» **YOUR OBJECTIVE**
Without including any images, repeat the listing below exactly.

» **STORED DATA**
□ □ □ □ □

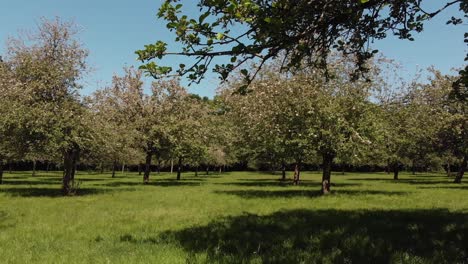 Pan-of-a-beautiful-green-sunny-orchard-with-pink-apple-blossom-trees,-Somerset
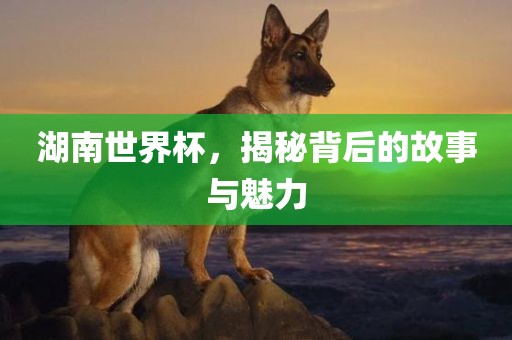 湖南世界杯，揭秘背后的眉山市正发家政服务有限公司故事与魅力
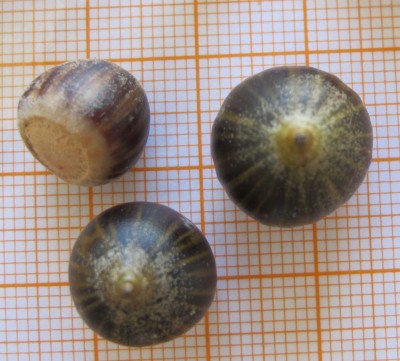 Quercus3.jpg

□ □ □ □ □

» **RESULT FOR THIS TASK**
 Pan-of-a-beautiful-green-sunny-orchard-with-pink-apple-blossom-trees,-Somerset
 湖南世界杯，揭秘背后的眉山市正发家政服务有限公司故事与魅力
 Quercus3.jpg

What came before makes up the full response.